As for picking and choosing, just a cursory look at my shelves and I came up with these collections (I actually have others, but these were the handiest to grab):
- Bernice Bobs Her Hair and Other Stories, F. Scott Fitzgerald -- I've always been intrigued by the sound of this story
- Collected Stories, Elizabeth Bowen -- 79 stories-love stories, ghost stories, stories of childhood, of English middle-class life in the twenties and thirties, of London during the Blitz
- Fifty Stories, Kay Boyle -- Set in Paris in the 20s, in Austria before and after the Anschluss, in New York, in occupied Germany, in California
- Across the Bridge, Mavis Gallant -- Paris stories
- The Collected Stories, Eudora Welty
- First Love and Other Stories, Ivan Turgenev
- The Country of the Pointed Firs, Sarah Orne Jewett -- This was a gift from a friend in Germany who studied American Lit and works as a translator
- Wilderness Tips, Margaret Atwood
- The Springs of Affection: Stories of Dublin, Maeve Brennan
- Selected Stories, Alice Munro
- A Vocation and a Voice, Kate Chopin -- I've read some of her stories and enjoyed them very much
- A New England Nun and Other Stories, Mary E. Wilkins Freeman -- Like Chopin, this author is known as a regionalist
Now it is a matter of which story to choose first. I think I'd like to read pairs of stories that are similar in some way in order to compare and contrast. Mostly, though, I just want to enjoy a good story. How to write about them after the fact is something I am still working out. I feel like I am just giving plot summaries. It's amazing how much meaning an author can infuse into just a few pages, but I'm not sure I catch everything each time. No doubt how I read, what I read, and what I get out of the story will likely change as I go along.
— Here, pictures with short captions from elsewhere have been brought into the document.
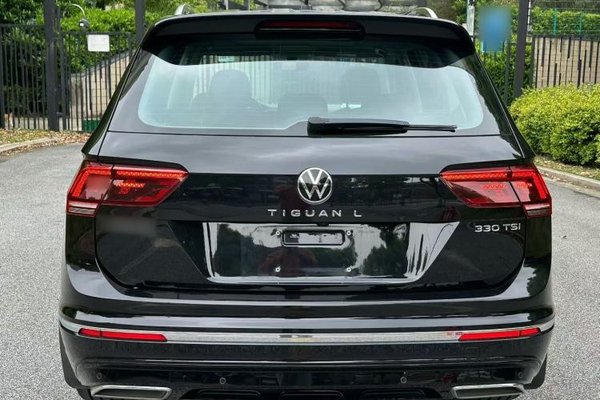 Volkswagen Tiguan L 2021, 62200 км, за 17928 USD - фото 27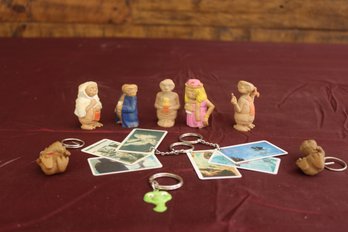 Lot Of 10 Piece ET Key Chain And Figure Lot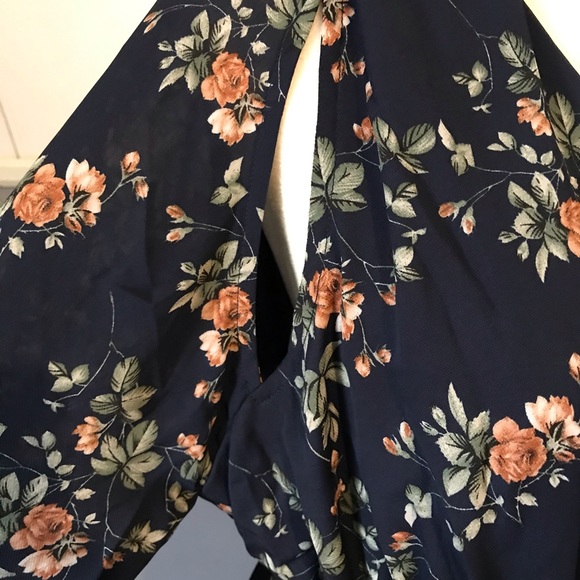 Entro top size Large NWT - Picture 2 of 5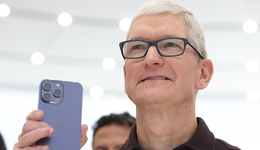 苹果营收、利润双下滑，CEO库克降薪超3亿，“裁员是万不得已的手段”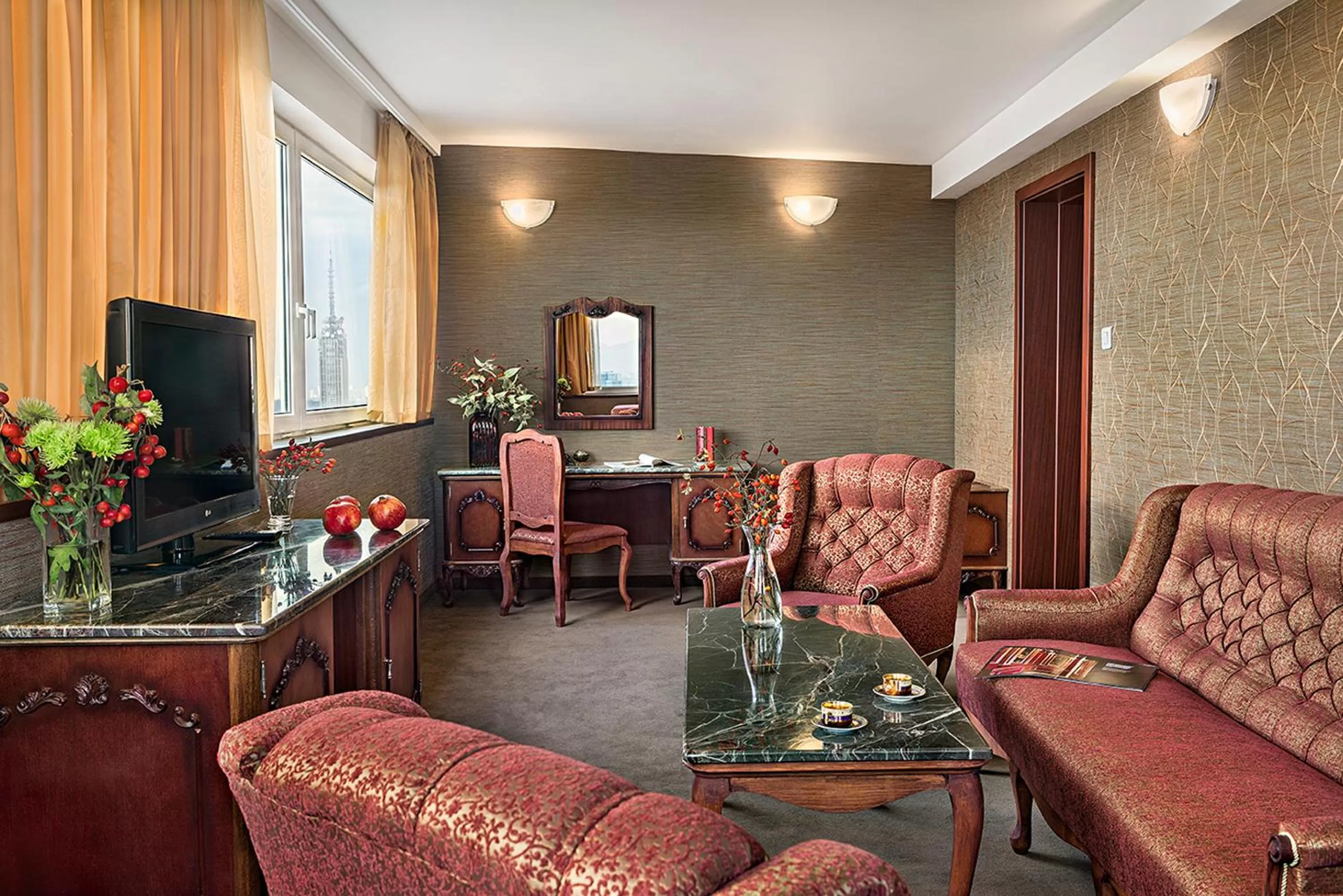 Communal lounge/ TV room in Park Hotel Moskva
One more thing--the new Persephone Books Biannually and catalog have arrived! Nobody does elegant quite like Persephone Books does it. They also sent along a crisp, new catalog along with the newsletter and a bookmark. I will be reading the Biannually this weekend lusting after the new books and making note of all the books in the catalog that I want to order (they are redesigning some of them with artsy covers--very lovely). I'll have to be satisfied with looking at the moment, but I have plenty of unread Persephones to keep me busy for a while in any case.